Bahama Bob's Rumstyles
Monday, May 2, 2016
What is the effect of the charred oak barrels in the rum? The Oak Wood softens the texture of the rum and stabilizes it. In addition it, makes the tannins which are polimericen that give a nicer feel and flavor in the mouth. Another effect is that it adds aromas like vanilla, coconut, chocolate, toasted, smoke, tobacco, caramel, and coffee from the roasting of the wood. The majority of all rums are aged in some kind of oak barrel, some in American Oak and some in French Oak. Many of them previously used for make wine, bourbon, scotch or even beer before being used to rest rum.

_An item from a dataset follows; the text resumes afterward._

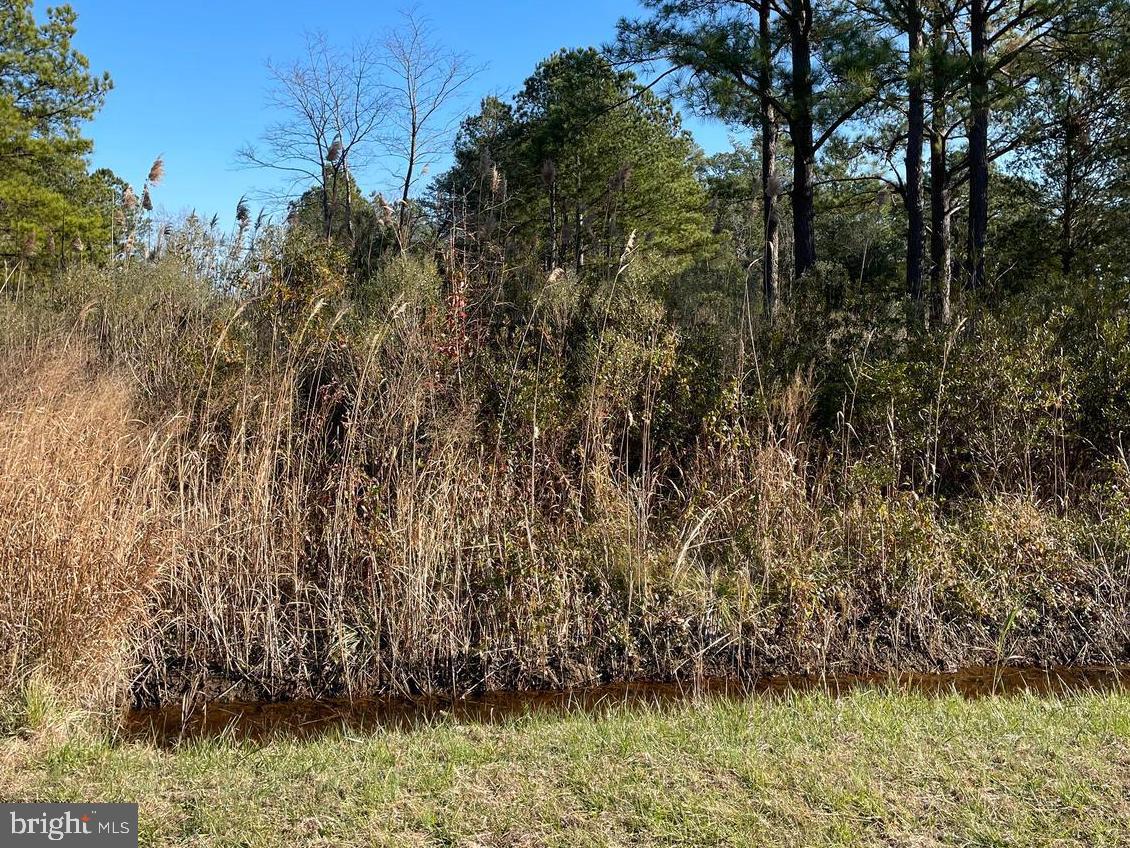 5219 Heron Boulevard Cambridge, MD 21613 - Photo 5 of 8 a view of outdoor space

All of these different barrel sources will introduce the rum to different reactions with the barrels and produce different results. When you add together a blending of the rums from different barrels you will get a more complex expression that often becomes extremely desirable.

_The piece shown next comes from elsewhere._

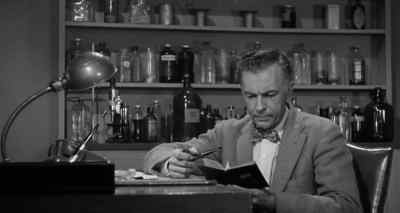 - It's incredible, right
in front of our noses. - The Wasp Woman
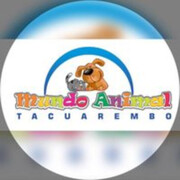 MUNDO ANIMAL TACUAREMBO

The particular type of Oak Barrel used is extremely important, and most major brand-name spirits have very rigorous requirements. Bourbon whiskey regulations require the use of new oak barrels with inner surfaces that have been charred. This charring is accomplished by igniting the inside of the oak barrels until a layer of char develops. Most other whiskeys and non-whiskey spirits are not required to be used in new, unused oak barrels; nor do the oak barrels have to be pre-charred. The charring process does enhance and soften the final taste of the spirit, while imparting it with both color and body.
Spirit manufacturers determine the specific type of spirit to make, and a close relationship between aging and distilling strategies does exist. For instance rum that is distilled in a pot still to somewhere between 60 and 65% will retain a natural sweetness from the fermented materials, where rums that are distilled to 80 to 90% in a column still will have a much lighter body and a lot drier. Then the barrel type and the length of time spent in the barrel will determine the color, smoothness, body, aroma and flavor of the finished expression.
Like so many other processes, this requires the knowledge and experience of the distillers, blenders, and the barrel management people. It takes a great team of people with knowledge of all of the processes to produce a fine rum expression. Different people have different ideas of what the rum should taste like, but it still takes a lot of skill to produce your style of rum.